In the face of massive protests 14 Democratic legislators made a bold move to prevent a quorum and the vote that the Republican majority would win. They had to be chased down by state troopers and forced to return. During the ensuing contract negotiations, despite courageous acts of solidarity by some unions like the firefighters, state employee unions and teacher unions engaged in concession bargaining . The leadership of AFSCME Council 24 seemed willing to negotiate a 6 to 12% pay cut to save collective bargaining and dues check-off. Concessions did not go unchallenged; a Wisconsin coalition of unionists including AFSCME members, TAA members and teachers formed the Kill the Whole Bill Coalition. The leadership of the National Nurses United (NNU) demanded that workers not be scape goats for the crisis and to directly Blame Wall Street – No concessions. The call for a general strike persisted, but even among some of the left wing of the labor movement there was doubt about the outcome of such a strategy. In the absence of institutions, culture or even current language to discuss and carry out a general strike, Democratic Party leaders and union leaders did what they were used to doing and had done for a generation. They tried to make a deal. They attempted to find an acceptable route to a peaceful resolution with Republicans who were bent on their obliteration. They made a decision to go to the electoral process, appeal to the Democratic Party base and attempted to recall Walker and his conservative base. The mass movement that rallied tens of thousands workers was dissipated into the electoral process in a vain attempt to recall the Republicans.

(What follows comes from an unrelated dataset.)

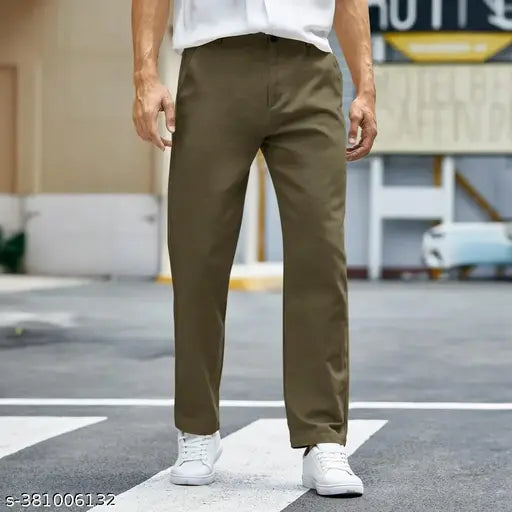 Solid brown cotton trousers for men, size 28-36, on a clothing rack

Part 2: If the interests of workers are going to be represented one message comes out loud and clear. Michael Yates says it clearly in his introduction. Workers must effectively combat the hegemony of Wall Street by persistently and militantly educating, organizing and mobilizing working people in their work place and communities and building cultures and institutions that focus on the needs of working people and create political programs and policies grounded in compassion for the 99% and not self interest and greed of the 1%. Another lesson is that business as usually cannot continue if working class men and women are going to dig themselves out of the miserable hole that Wall Street capitalists have put them in. This means that working people of the U.S. need to break with the two-party system and build a political movement and a political party that belongs to working people not to Wall Street.

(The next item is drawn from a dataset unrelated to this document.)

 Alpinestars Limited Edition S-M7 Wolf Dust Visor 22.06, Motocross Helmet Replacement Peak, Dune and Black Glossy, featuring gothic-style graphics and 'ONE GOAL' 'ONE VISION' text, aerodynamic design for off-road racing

Part 3: The assault by the right wing on worker’s rights in Wisconsin highlighted the attempt to crush the remaining bastion of unionization, the public sector. But, what really comes out is how this assault is another component of an overall conservative strategy to diminish the work standards and living conditions of the majority of working people so that the rich or the 1% may increase their wealth.

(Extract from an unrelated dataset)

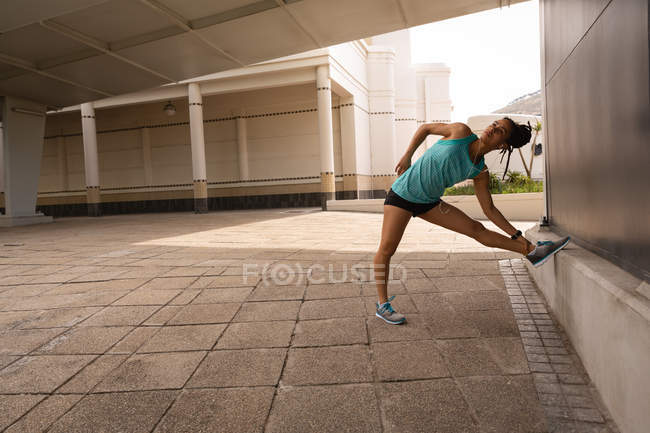 Side view of young Mixed race woman listening music on earphones while exercising in the city — Stock Photo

If we are to build community cultures of solidarity and institutionalize the defeat of Wall Street hegemony the working class has to build strategy that takes into account that workers are impacted in different ways depending on race, immigrant status, gender and sexual orientation. The issue of race was not as apparent in Wisconsin, but for instance, nationally blacks who are only 12.6% of the US population were 20% of public employees. The public sector is the single most important employment source for African American men and second for black women.
Researchers have attributed the greater rise in African American unemployment compared to whites to the huge layoffs in the public sector. An article by Akito Yoshikane in In These Times, reported that since January 2009, 429,000 public sector workers have lost their jobs. Public sector employment is at its lowest level since 2006, and job cuts are not stopped. This is proving disastrous to African American’s climbing out of poverty. The proposed cuts at the USPS will disproportionately affect African Americans.
The Wisconsin experience suggests that working class militancy must be revitalized because generations of anti-worker media, anti-union, anti-strike laws and unions negotiating away their power to strike has greatly weakened working class culture in the U.S. The recent ILWU victory in Longview, WA demonstrated how militancy and working class solidarity can prevail even when the law, courts and the police are lined up against workers. The ILWU’s culture and communities of solidarity that were created by organizations like the Portland Jobs with Justice and the Occupy Wall Street movement were instrumental in the union’s ability to achieve a fair contract.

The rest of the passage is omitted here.